Alan Lomax has died

According to the news this evening, Alan Lomax died this morning, at the age of 87. Lomax, with his father, set up the original Library of Congress/Smithsonian Institute collection of American folk music. He traveled all over the country doing wire recordings and single handed preserved much of what is today the standard folk repertoire. His recordings at Southern prison farms are classic. He was the first to record Leadbelly. To keep the original artists, who for the most part were illiterate country people, from being exploited he copy righted a fair amount of the stuff as its arranger/adapter. He gave Pete Seeger his first job in music. Anyone who enjoys folk music owes him a great debt.

Rest in peace, Mr. Lomax.

While his contributions to humankind may not impact life the way some of the physical scientist do, he is one of those momentarily unique persons who comes along, has an idea, and acts upon it.

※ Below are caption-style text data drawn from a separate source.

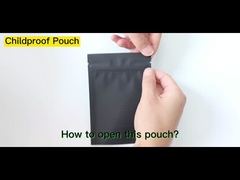 Zwarte kinderbestendige Mylar-zakken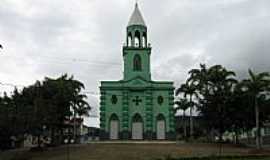 Engenheiro Caldas - Engenheiro Caldas-MG-Praa e Igreja de Santa Brbara-Foto:Altemiro Olinto Cristo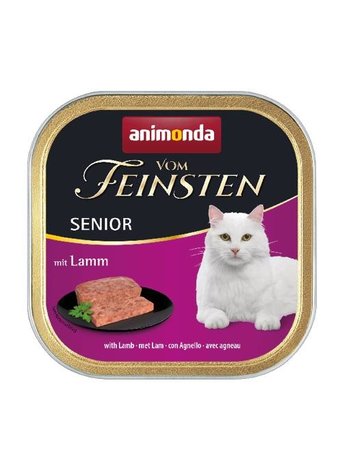 Animonda FEINSTEN CAT SENIOR LAM 100GR Animonda FEINSTEN CAT SENIOR LAM 100GR
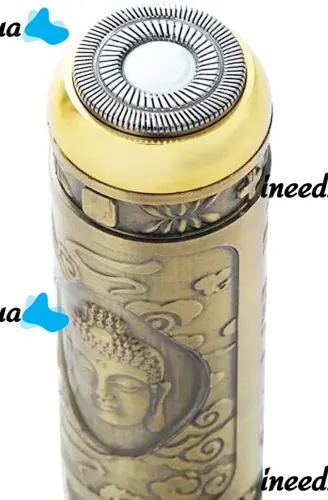 Аккумуляторная роторная мини бритва шейвер Razor HW-T8 5W для сухого и влажного бритья, Беспроводная мужская электробритва для бороды от USB Золотая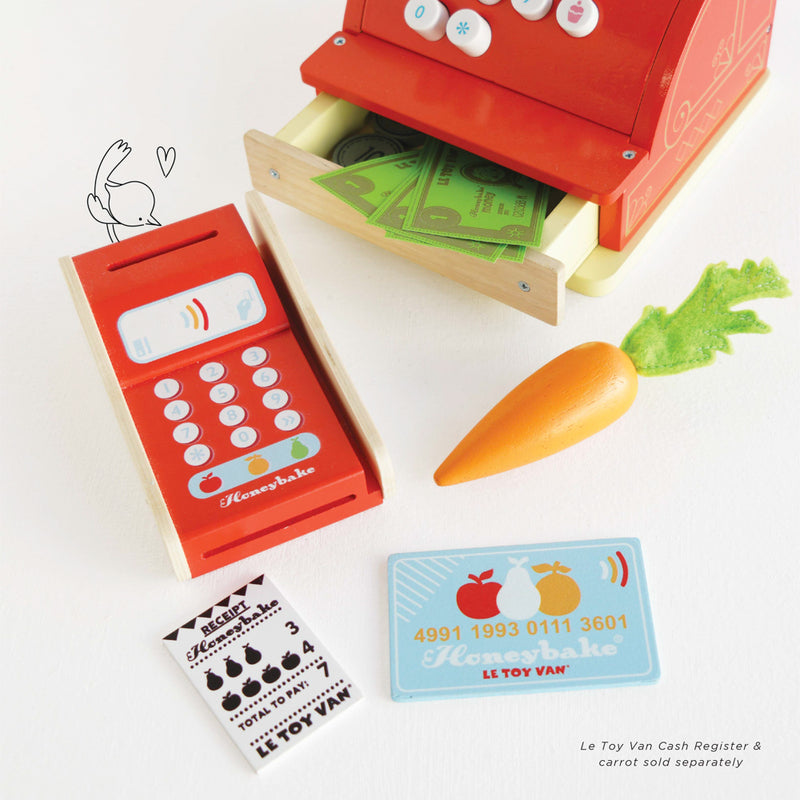 Le Toy Van Card Machine Le Toy Van Toys at Little Earth Nest Eco Shop Geelong Online Store Australia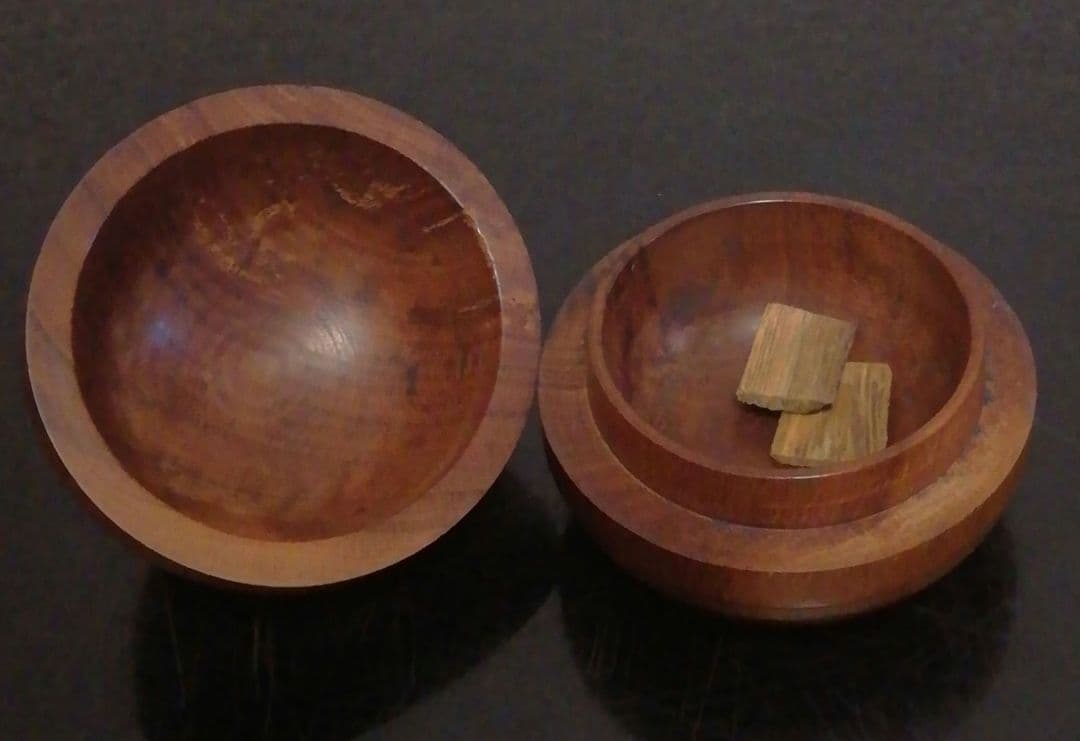 大綱宗彦書付　一笑庵好　木地　宝珠　共箱　時代布付　茶道具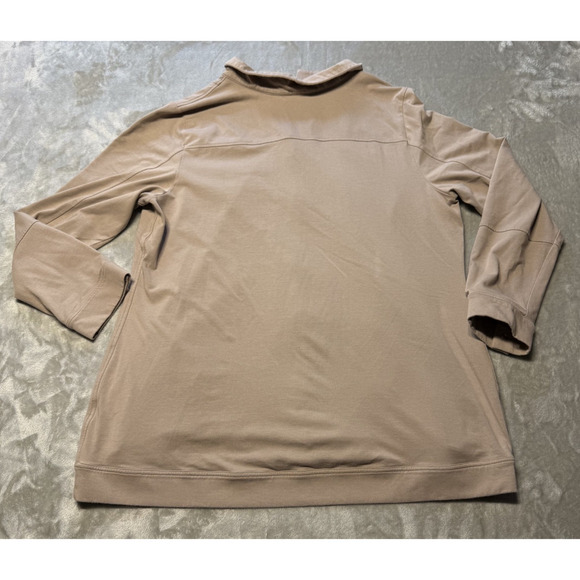 EILEEN FISHER Women's Organic Cotton Shirt Jacket Taupe beige Minimalist Size XL - Picture 10 of 11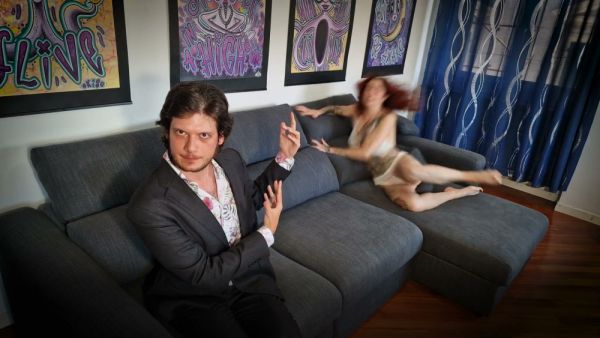 Freckled redhead with tattoos gives intense blowjob with feet in frame on breastful.com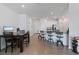 Spacious living area with barstool seating, great for entertaining and Gathering gatherings at 34568 Shellback St, Leesburg, FL 34788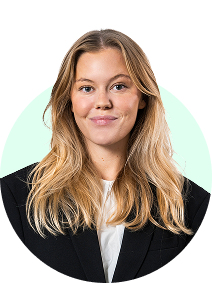 Sara Falkengaard - Green background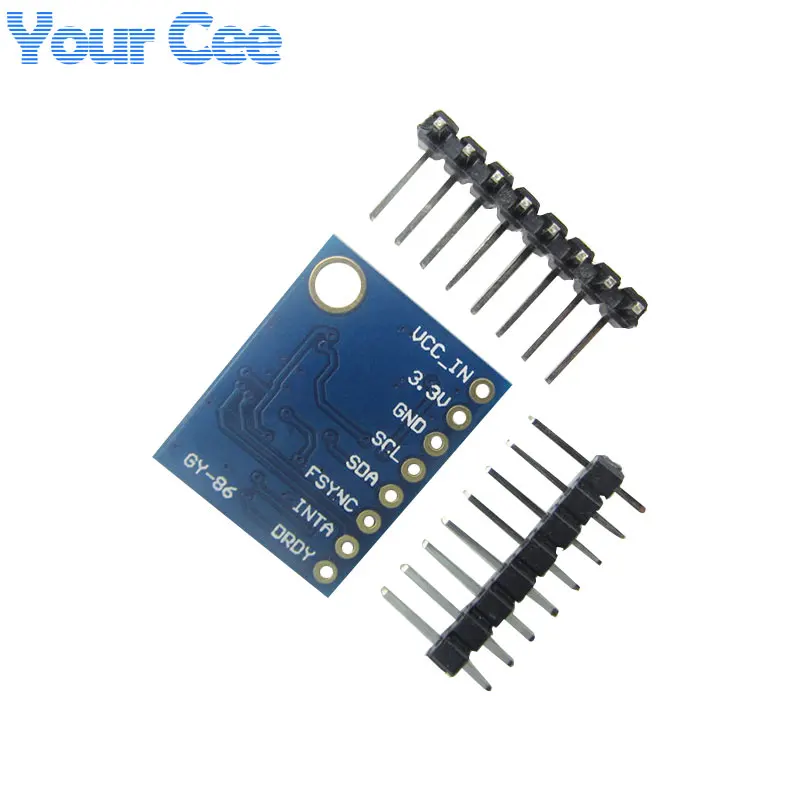 GY-86 10DOF MS5611 HMC5883L MPU6050 Модуль MWC управление полетом сенсор модуль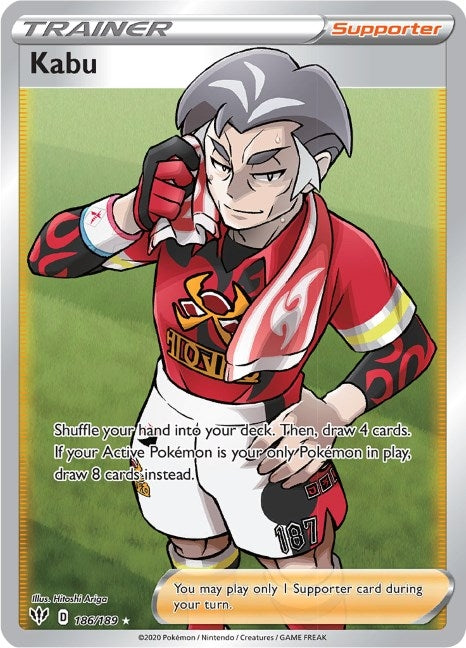 Image for Kabu (Full Art) (SWSH03: Darkness Ablaze) (186/189) - Pokemon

My personal spiritual life without his musical contributions would be poorer.
Lomax homepage

Are you sure he died? Maybe he just lifted himself by the seat of his pants and heisted himself and took leave of this place, through a hole in the smog, without leaving a trace.

Oh, wait, that was the Lorax.

I’m embarrassed to say this, but I’m having a Theremin moment here…I’d just assumed Lomax HAD BEEN dead for years.

What’d he been up to for the past few decades?

Among other things, he wrote The Land Where the Blues Began, a wonderful, scholarly memoir of Southern blues. That first chapter, about being arrested by a Southern sherriff for having the audacity to hang around black musicians in the 1930s, is gorgeous.

Alan Lomax was the first person to record Leadbelly, Woody Guthrie, and Muddy Waters among others, and assisted in the “rediscovery” of such bluesmen as Mississippi Fred McDowell.

Have you ever heard Alan on Guthrie’s Library of Congress recordings? You can basically hear the two of them getting more and more inebriated as they carry on a conversation and Alan pulls songs and stories out of Woody. But when Alan asks Woody about his “hard times” and Woody goes into his family history, it’s one of the most affecting moments ever to make its way onto any recording.

On a somewhat related note: The day before Lomax passed away, the founder of Vanguard Records, Seymour Solomon, died. Vanguard started as a classical label, but moved into the folk area when they recorded the Weavers after the group had been blacklisted by other record companies during the McCarthy era. In fact, The Weavers at Carnegie Hall has been credited with starting the mid-50’s folk revival. Vanguard was also known for their recordings of the Newport folk and jazz festivals throughout the late '50’s and early '60’s and had such artists as Joan Baez, Odetta, Ian & Sylvia, Buddy Guy and Charlie Musselwhite (not to mention Peter Schickele and P.D.Q. Bach!).

People like Alan Lomax and Seymour Solomon are exactly what the music business is missing these days–people who are willing to take a chance!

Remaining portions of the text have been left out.